→ Records for the exercise
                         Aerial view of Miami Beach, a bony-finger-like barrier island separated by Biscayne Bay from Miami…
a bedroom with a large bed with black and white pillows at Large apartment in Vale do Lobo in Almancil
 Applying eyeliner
==
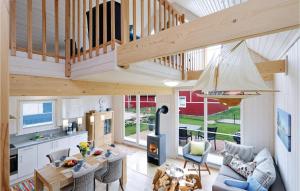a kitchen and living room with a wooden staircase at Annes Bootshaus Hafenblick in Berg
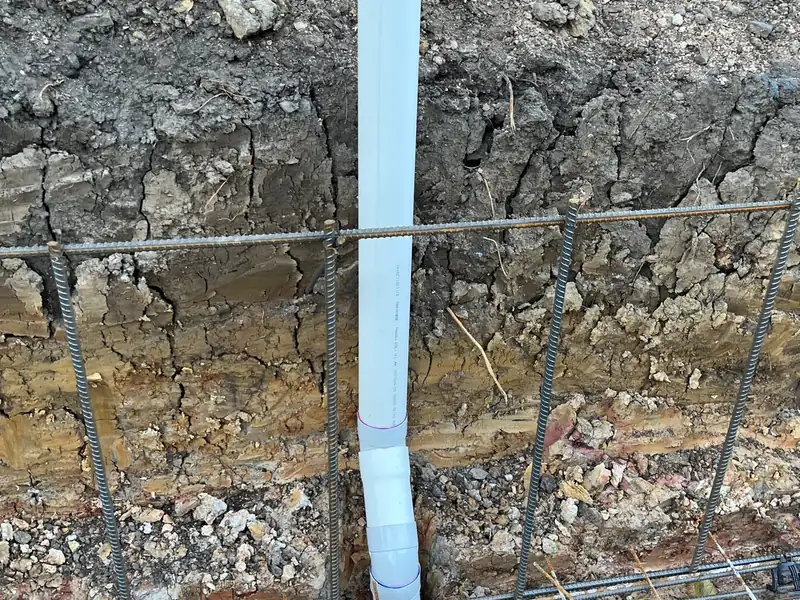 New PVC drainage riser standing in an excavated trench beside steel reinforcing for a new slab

→ Activity
Print exactly, with no pictures, the lines above from the one that holds "a kitchen and" through the one that holds "New PVC drainage", both of them included.

→ Your solution
a kitchen and living room with a wooden staircase at Annes Bootshaus Hafenblick in Berg
 New PVC drainage riser standing in an excavated trench beside steel reinforcing for a new slab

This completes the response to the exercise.